7: Dodging the Jewish Question
How the Political Theology of Christian Universalism Distorts the New Perspective on Paul
Introduction
The new perspective on Paul is the label attached to the work of a loosely aligned coterie of New Testament scholars who, in one way or another, question the orthodox Lutheran (and more broadly Protestant) view that Paul saw faith not works as the basis upon which individual sinners are justified before God. Martin Luther (1483–1546) characterized both the pettifogging works-righteousness among Jews and the sale of indulgences by the Roman Catholic Church as the corrupt result of the belief that anyone can earn their salvation. For the Reformed tradition, it was axiomatic that the elect were saved by the free and sovereign grace of God not as a just reward for exemplary good works. They found scriptural authority for that doctrine in Paul’s letters where his “insistence upon justification by faith, not works” set Christianity apart from the world. The “affinities of Judaism,” by contrast, “are with the world”.412 Rethinking the relationship between Christianity and Judaism has been the central thrust, for better or worse, of the new perspective on Paul.
The “old perspective” on Pauline the
ology received a racial underpinning in the nineteenth century. Especially in Germany, theologians and philosophers pointed to an intractable conflict between (Western) Christian idealism and (Eastern) Jewish materialism. Liberal theologians such as FC Baur (1792–1860) declared that Paul invented Christianity in his inspired break with the dead weight of Jewish legalism. By attributing “absolute importance” to “the person of Christ,” Paul stood “on a platform where he [was] infinitely above Judaism”. Thanks to Paul’s openness to the Hellenic spirit of freedom, Christianity became an “absolute religion” while Judaism remained “relative, limited, and finite”.413 Such views were commonplace among New Testament scholars well into the twentieth century.
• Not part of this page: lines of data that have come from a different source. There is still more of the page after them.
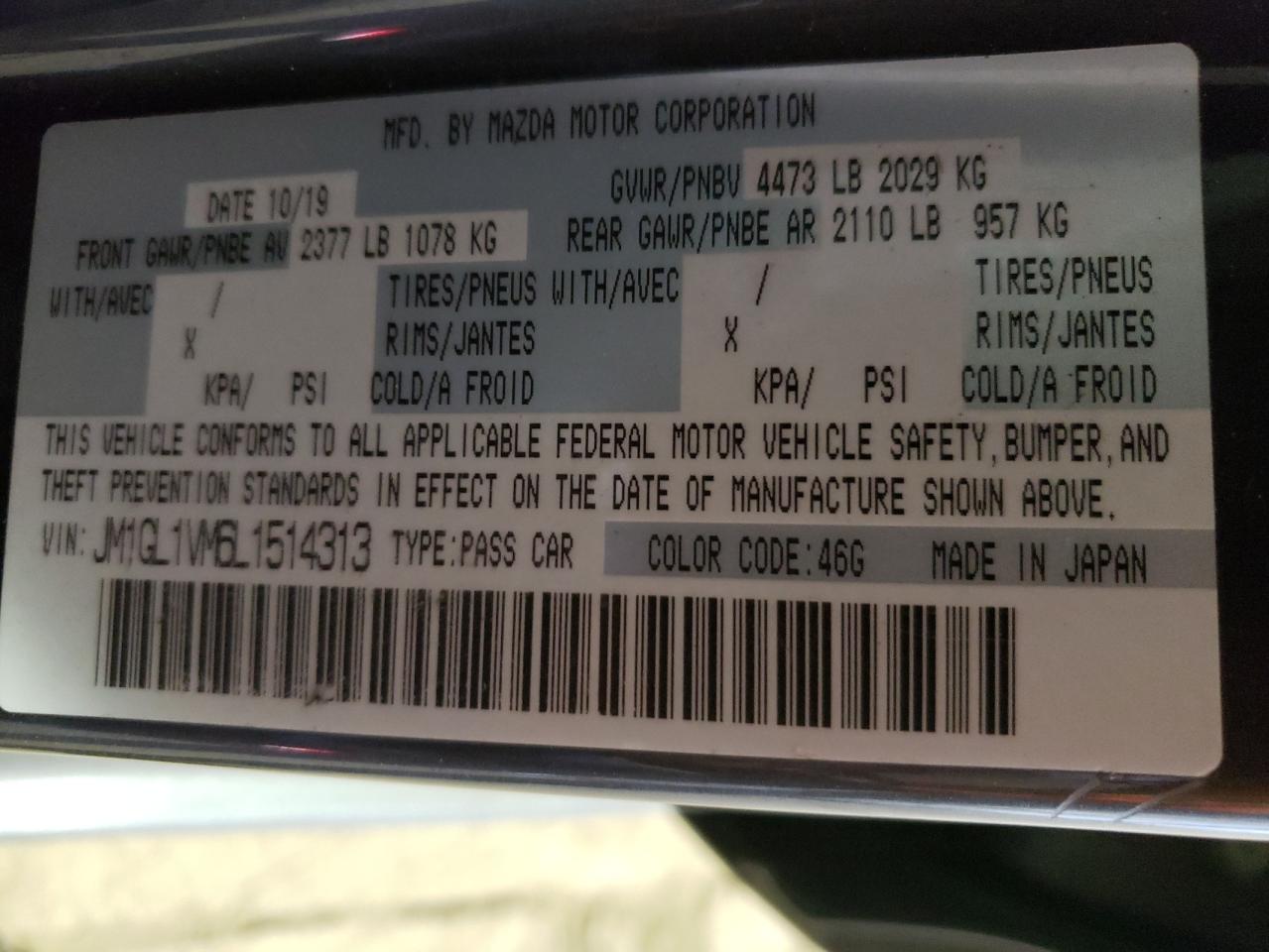 Photo 10 from auction – 2020 MAZDA 6 TOURING with VIN JM1GL1VM6L1514313
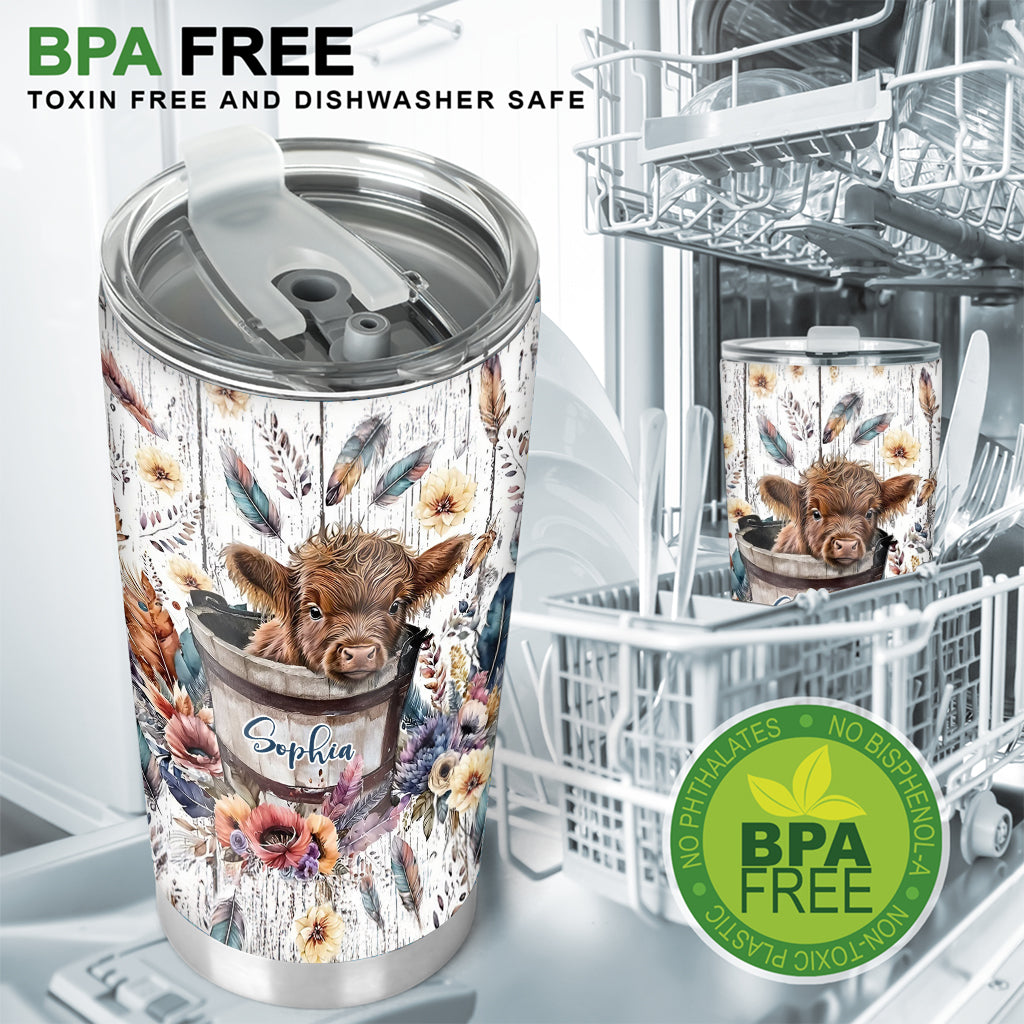 Baby Highland Cow In a Bucket - Personalized Tumbler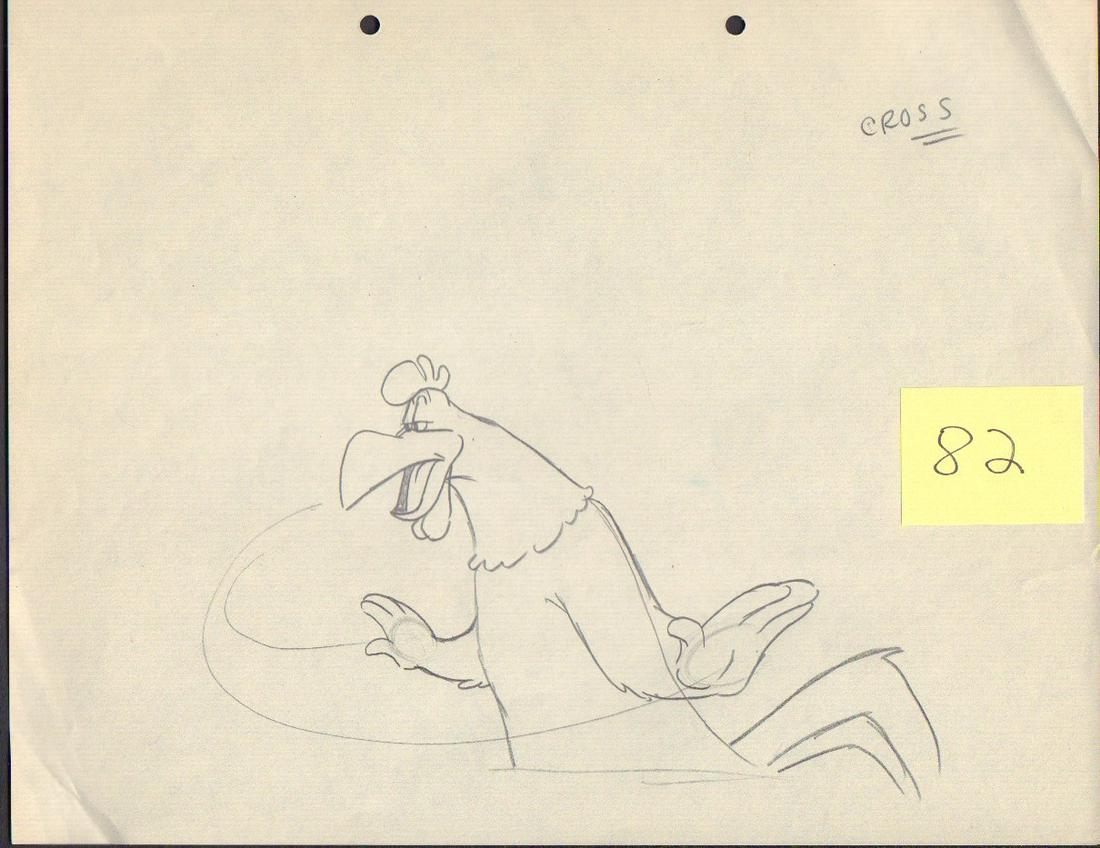 Foghorn Leghorn: Original art for an early Warner Bros cartoon on animators paper of the famed character used in production of cartoon with COA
By the 1970s in the USA, however, “you only ha[d] to mention the word ‘supersessionism’ to evoke the chimneys of Auschwitz”.414 Decades later, even the mainstream liberal Protestant existentialism of the German theologian Rudolf Bultmann (1884–1976) continues to attract academic disapproval because he believed that “Christian authenticity is diametrically opposed to and profoundly antithetical to Jewish legalism”.415 Unsurprisingly, “the latest stage in the debate about Paul and the Jewish law” was “sparked by a large-scale attack on what are taken to be Christian caricatures of Judaism.”416 The orthodox Reformed doctrine of justification by faith was not the first target of the scholars who pioneered the new perspective on Paul. The goal was not to sniff out anti-Semitism among an older generation of scholars.417 Instead, the new perspective sought to rehabilitate the image of the Jewish religion. The challenge to Reformed orthodoxy was merely a collateral consequence of the ecumenical movement in academic theology.418 In the area of Pauline studies within New Testament scholarship, that movement has produced many positive results. Unfortunately, the ongoing development of the new perspective on Paul itself has been seriously distorted by the need to confine both its theology and its practice of historical criticism within the limits of a politically correct, putatively Christian universalism.